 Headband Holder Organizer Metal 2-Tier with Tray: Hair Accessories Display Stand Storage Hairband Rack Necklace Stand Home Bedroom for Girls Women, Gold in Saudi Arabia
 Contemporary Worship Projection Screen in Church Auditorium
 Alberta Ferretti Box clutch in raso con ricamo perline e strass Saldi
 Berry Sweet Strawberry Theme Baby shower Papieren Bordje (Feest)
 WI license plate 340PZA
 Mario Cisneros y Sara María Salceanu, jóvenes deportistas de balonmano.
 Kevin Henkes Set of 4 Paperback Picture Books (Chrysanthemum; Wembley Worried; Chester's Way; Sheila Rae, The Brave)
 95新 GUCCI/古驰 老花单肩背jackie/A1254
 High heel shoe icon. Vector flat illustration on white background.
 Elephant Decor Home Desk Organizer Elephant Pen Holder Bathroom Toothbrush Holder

══════

## WHAT YOU NEED TO DO
Give every entry again, exactly as it reads.

## YOUR SOLUTION
 Headband Holder Organizer Metal 2-Tier with Tray: Hair Accessories Display Stand Storage Hairband Rack Necklace Stand Home Bedroom for Girls Women, Gold in Saudi Arabia
 Contemporary Worship Projection Screen in Church Auditorium
 Alberta Ferretti Box clutch in raso con ricamo perline e strass Saldi
 Berry Sweet Strawberry Theme Baby shower Papieren Bordje (Feest)
 WI license plate 340PZA
 Mario Cisneros y Sara María Salceanu, jóvenes deportistas de balonmano.
 Kevin Henkes Set of 4 Paperback Picture Books (Chrysanthemum; Wembley Worried; Chester's Way; Sheila Rae, The Brave)
 95新 GUCCI/古驰 老花单肩背jackie/A1254
 High heel shoe icon. Vector flat illustration on white background.
 Elephant Decor Home Desk Organizer Elephant Pen Holder Bathroom Toothbrush Holder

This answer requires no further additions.